- Problem details: Restate, word for word and with no pictures, the stretch of lines in the data below that begins at the line with "西汉有一位名叫朱买臣的人，四十多岁依旧穷困潦倒，刚开始夫" and ends at the line with "Mentos Pure Fresh", inclusive.

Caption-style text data
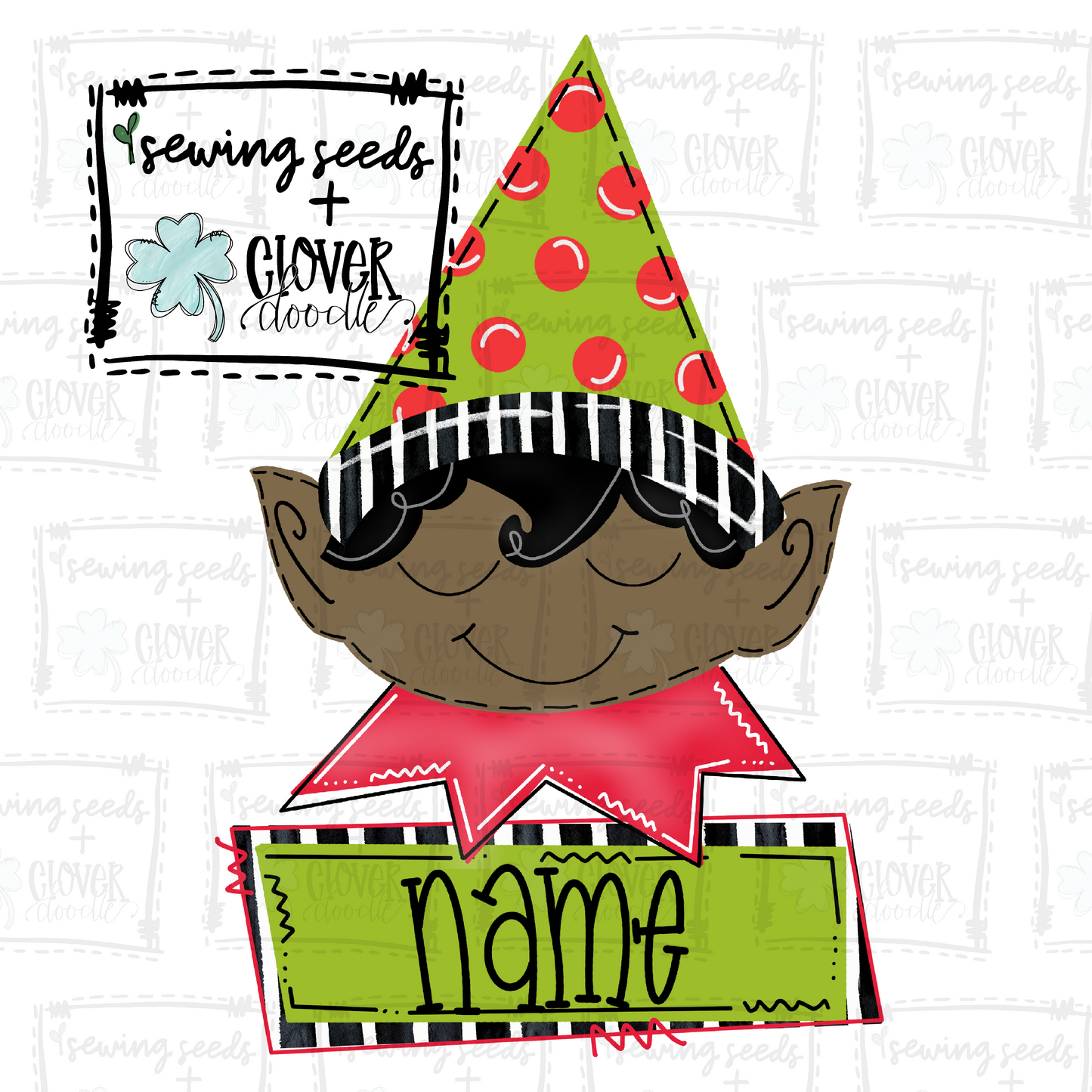 {Christmas Elf Boy w/ Nameplate Brown} SS+CD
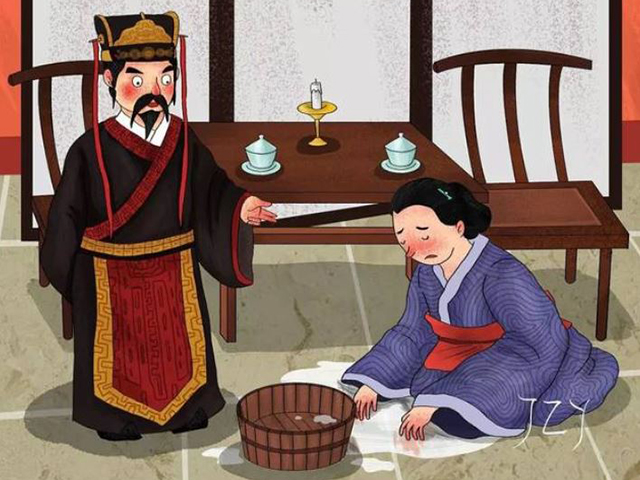 “覆水难收”的典故：

西汉有一位名叫朱买臣的人，四十多岁依旧穷困潦倒，刚开始夫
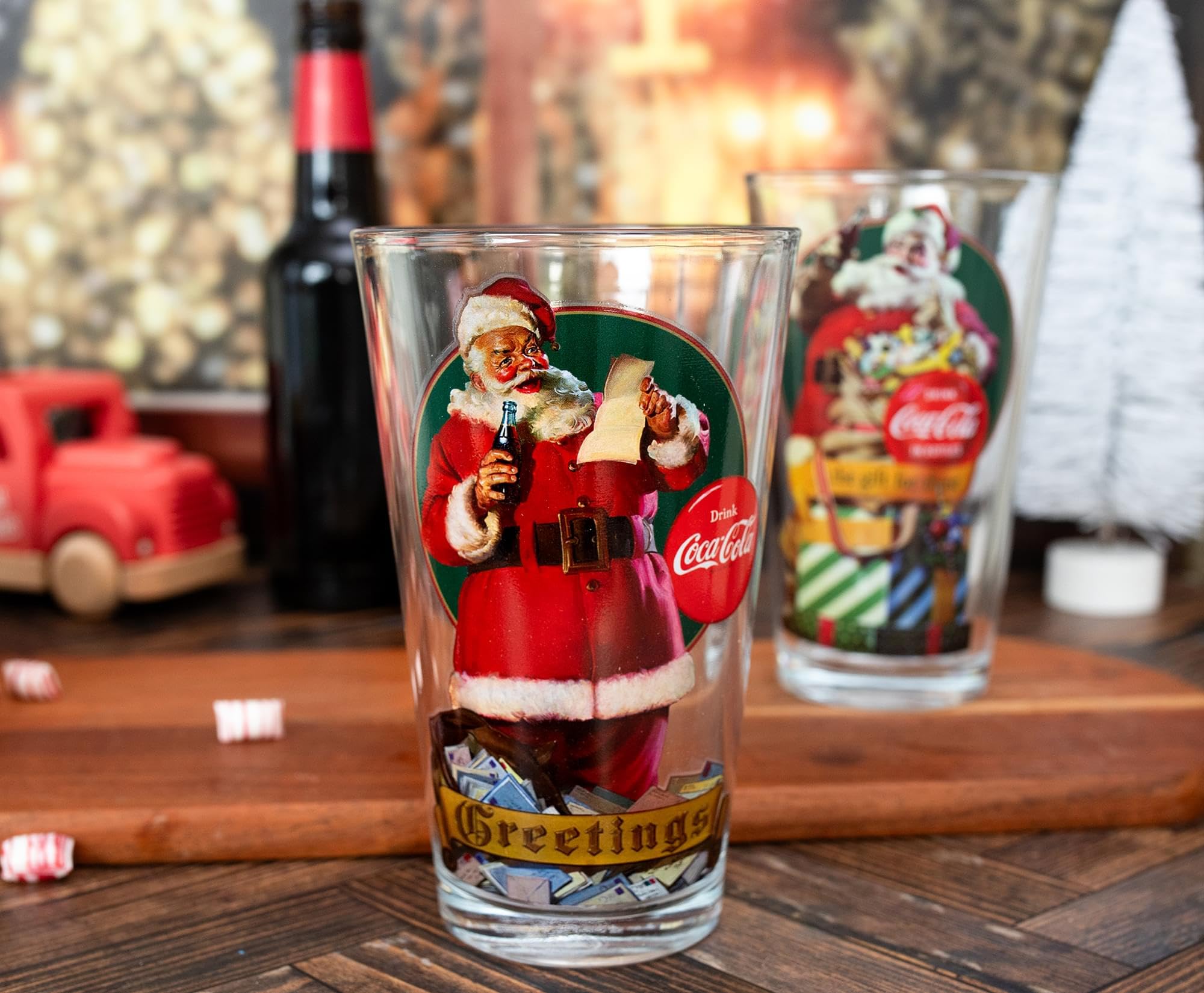 Foto 6 pulgar | Vasos De Cerveza Silver Buffalo Coca-cola Vintage Santa Claus, 500 Ml - Venta Internacional.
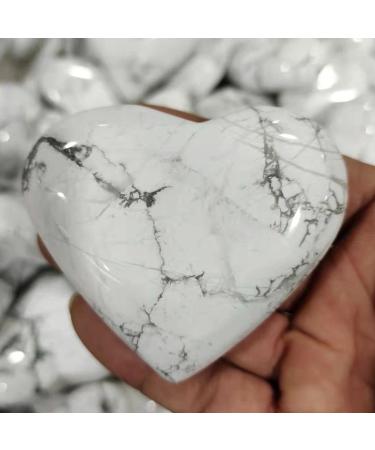 Natural Crystal Rough Big Size Natural White Turquoise Loving Heart Shaped Stone Crystal Gift Decoraction Natural Stones and Crystals - (Size: 6-7cm)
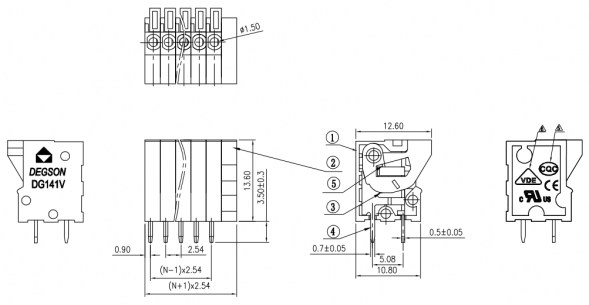 DG141V-2.54-05P-14-00A(H) клеммники degson DEGSON даташит схема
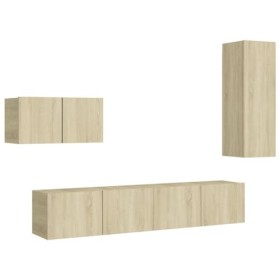 Générique Ensemble de Meuble TV 4 pcs Chêne Sonoma Aggloméré,48.6 KG,3078993, Meubles, Meubles TV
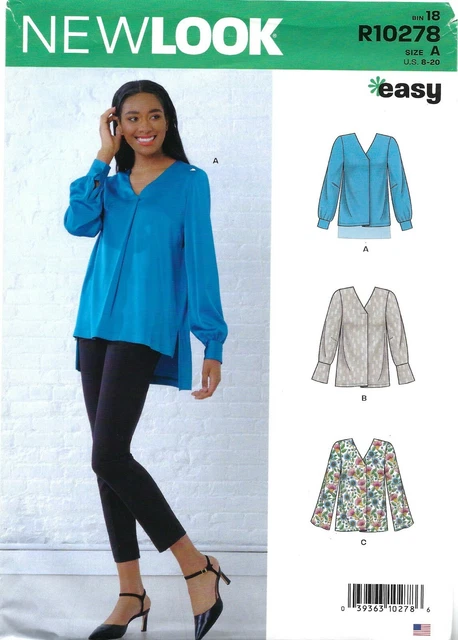New Look R10278 V-Neck Blouses w Single Pleat Detail Sz 8-20 UNCUT EASY N6637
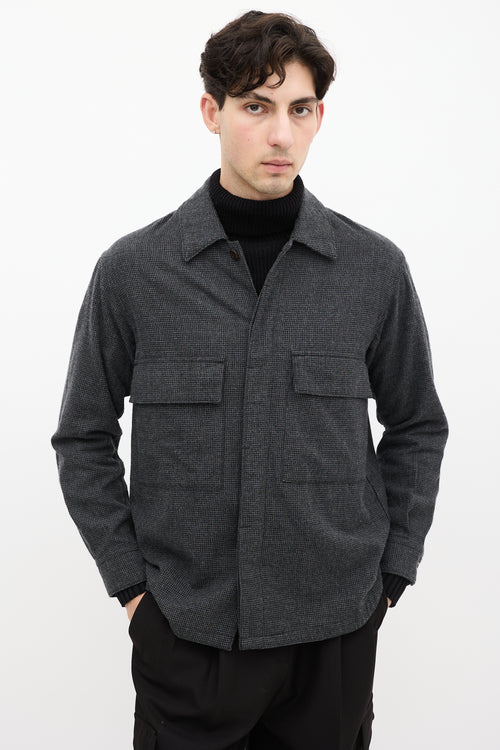 Sage De Cret Grey 
Black Houndstooth Shirt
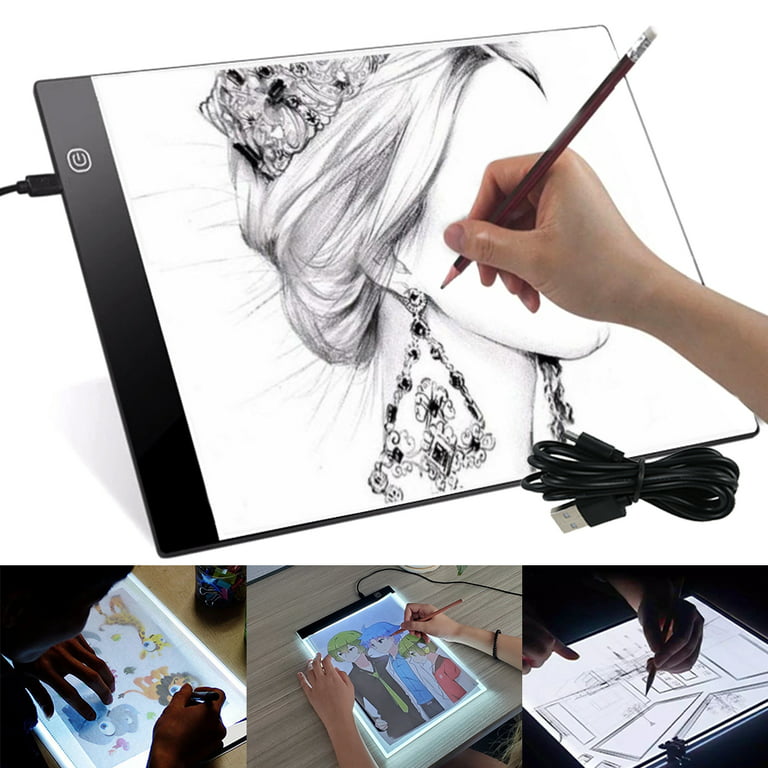 Portable A4 Tracing LED Board Light Box, Ultra-Thin Dimmable USB Cable  Powered Artcraft Trace Light Pad Copy Boxes for Artists Tattoo Drawing
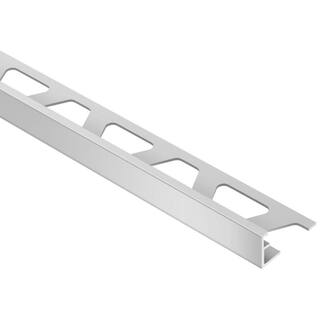 Schluter Systems Schiene Satin Anodized Aluminum 716 in. x 8 ft. 2-12 in. Metal L-Angle Tile Edging Trim AE110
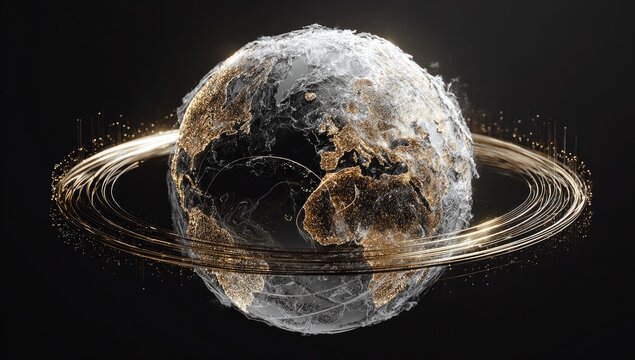 Digital Earth with glowing rings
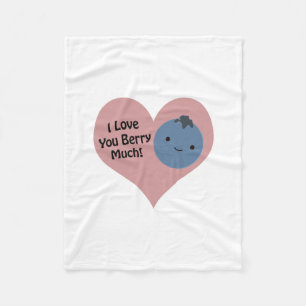 Funny I Kärlek Du Berry Mycket Cute Kawaii Blueber Fleecefilt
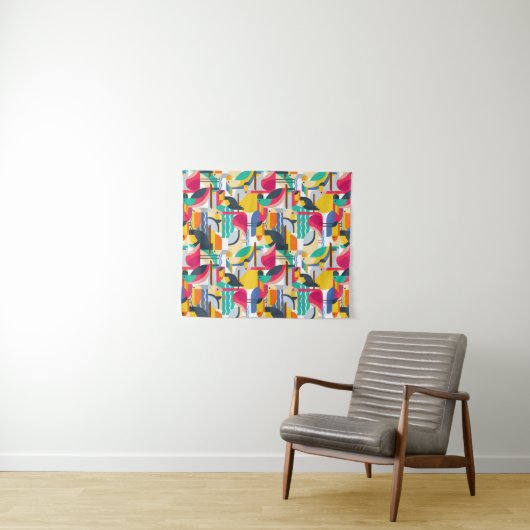Geometrische tropische vogels wandkleed (In Situ (horizontaal))
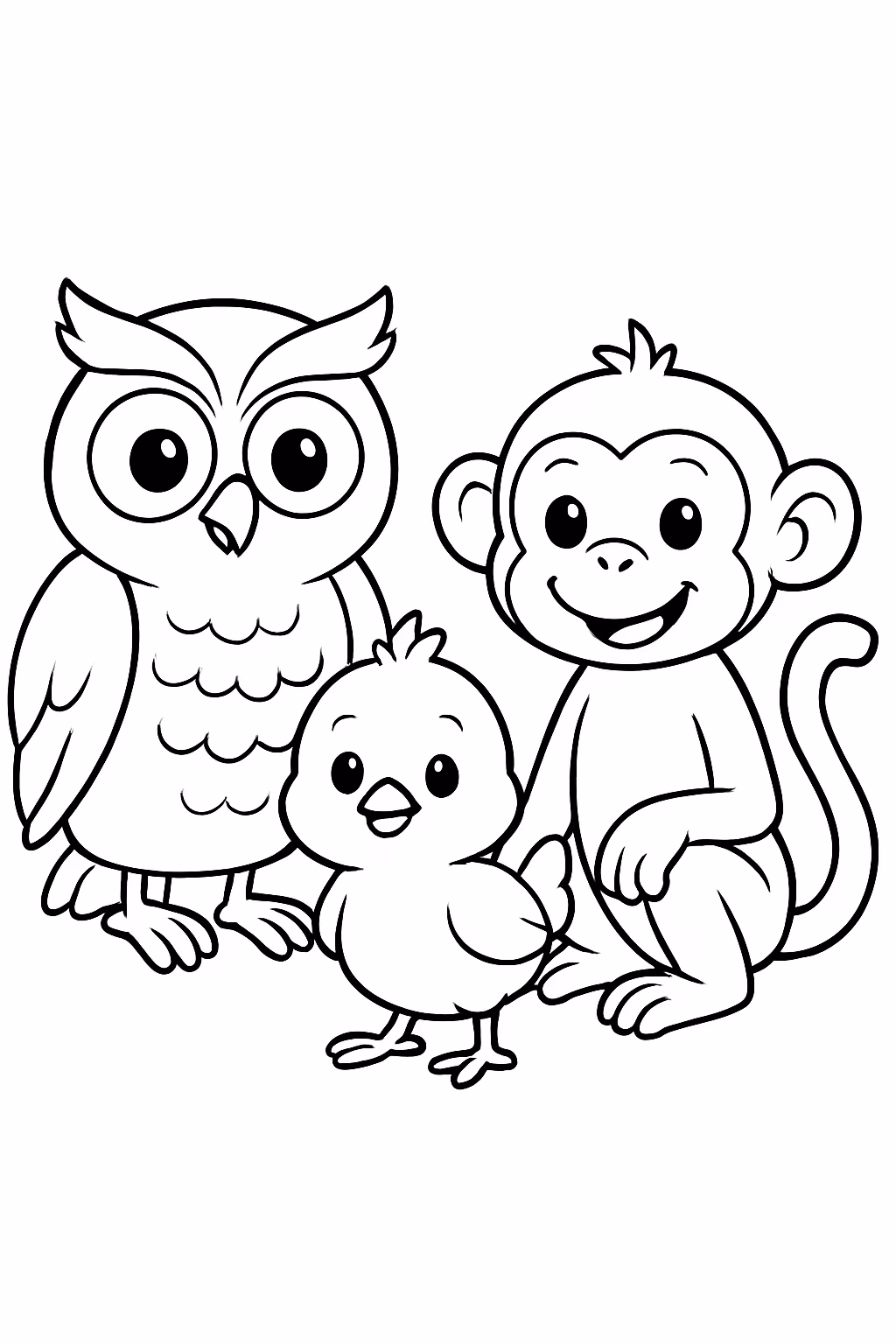 Quero uma coruja um pintinho um macaco para colorir — desenho para imprimir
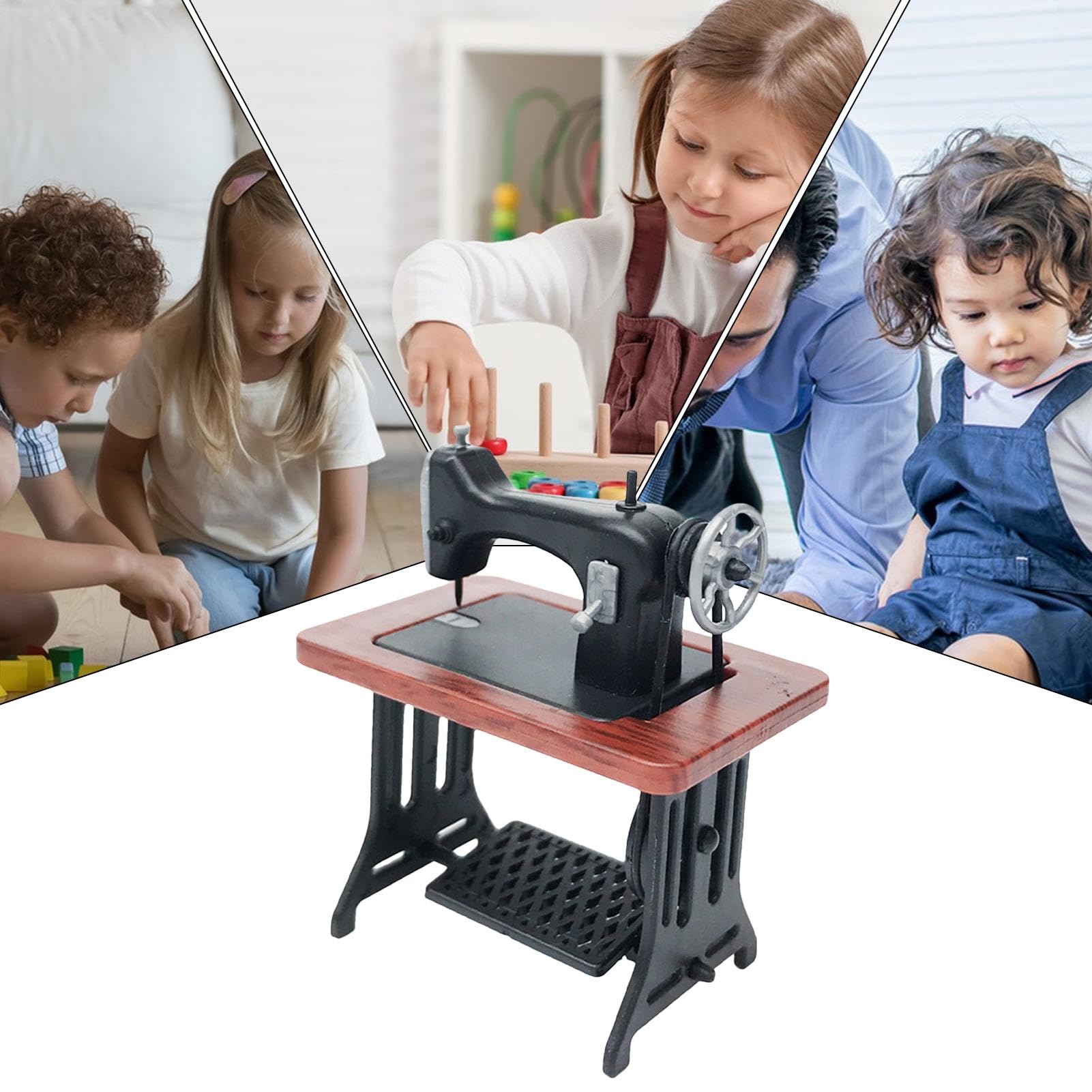 Máquina De Coser Miniatura Para Casa De Muñecas – Escala 1:24, Juguete De Rol Y Decoración Vintage Para Dioramas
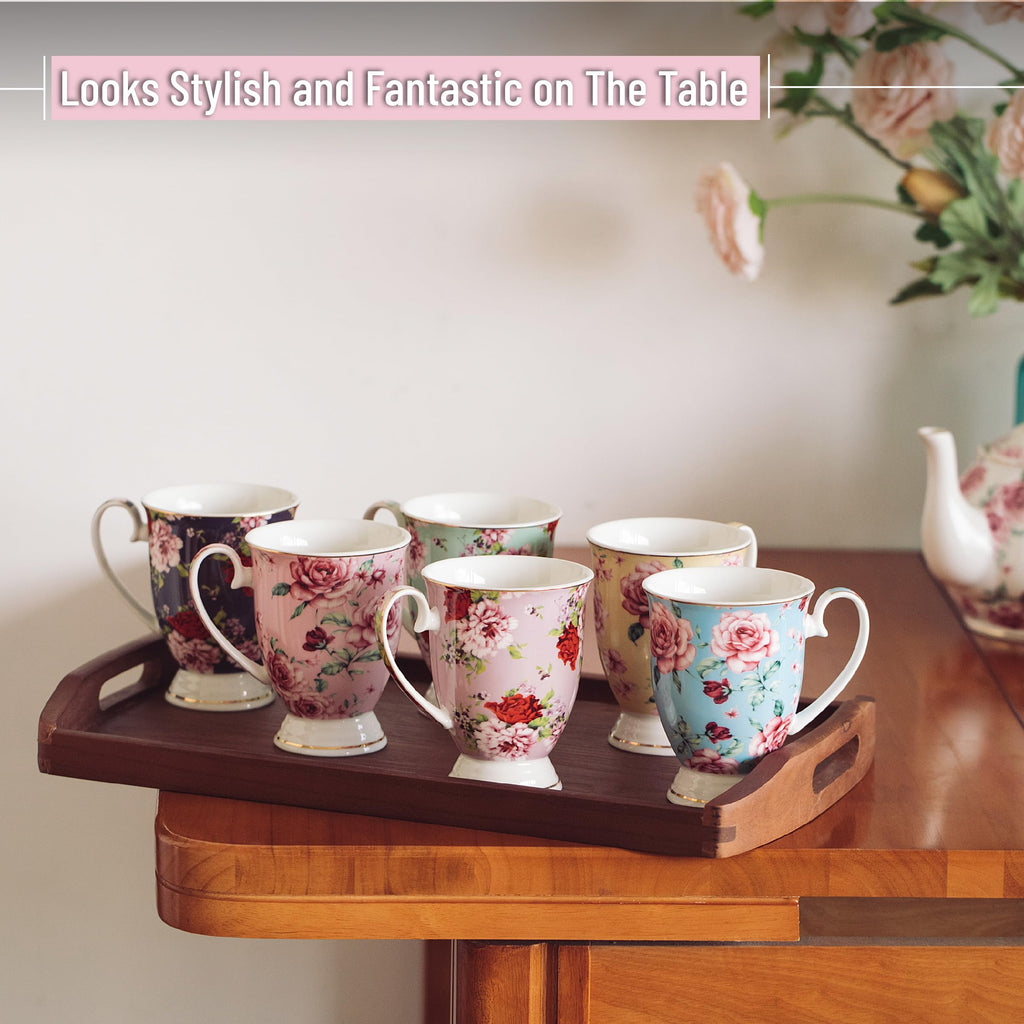 12 oz Set of 6 Floral Porcelain Coffee Mugs J540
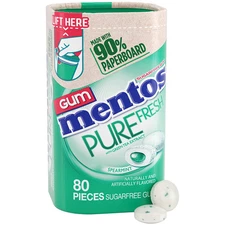 Mentos Pure Fresh Holiday Spearmint Sugar Free Gum with Xylitol Sweetener, Paper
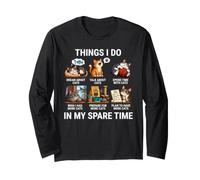 Things I Do in My Spare Time Funny Cat Long Sleeve T-Shirt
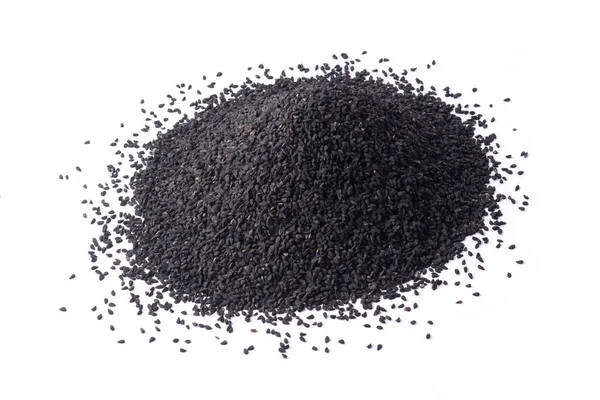 Heap Black Seeds Also Known Black Cumin Caraway Kalonji Isolated — Stock Photo, Image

- Problem solution:
西汉有一位名叫朱买臣的人，四十多岁依旧穷困潦倒，刚开始夫
 Foto 6 pulgar | Vasos De Cerveza Silver Buffalo Coca-cola Vintage Santa Claus, 500 Ml - Venta Internacional.
 Natural Crystal Rough Big Size Natural White Turquoise Loving Heart Shaped Stone Crystal Gift Decoraction Natural Stones and Crystals - (Size: 6-7cm)
 DG141V-2.54-05P-14-00A(H) клеммники degson DEGSON даташит схема
 Générique Ensemble de Meuble TV 4 pcs Chêne Sonoma Aggloméré,48.6 KG,3078993, Meubles, Meubles TV
New Look R10278 V-Neck Blouses w Single Pleat Detail Sz 8-20 UNCUT EASY N6637
 Sage De Cret Grey 
Black Houndstooth Shirt
 Portable A4 Tracing LED Board Light Box, Ultra-Thin Dimmable USB Cable  Powered Artcraft Trace Light Pad Copy Boxes for Artists Tattoo Drawing
 Schluter Systems Schiene Satin Anodized Aluminum 716 in. x 8 ft. 2-12 in. Metal L-Angle Tile Edging Trim AE110
 Digital Earth with glowing rings
 Funny I Kärlek Du Berry Mycket Cute Kawaii Blueber Fleecefilt
Geometrische tropische vogels wandkleed (In Situ (horizontaal))
 Quero uma coruja um pintinho um macaco para colorir — desenho para imprimir
 Máquina De Coser Miniatura Para Casa De Muñecas – Escala 1:24, Juguete De Rol Y Decoración Vintage Para Dioramas
 12 oz Set of 6 Floral Porcelain Coffee Mugs J540
 Mentos Pure Fresh Holiday Spearmint Sugar Free Gum with Xylitol Sweetener, Paper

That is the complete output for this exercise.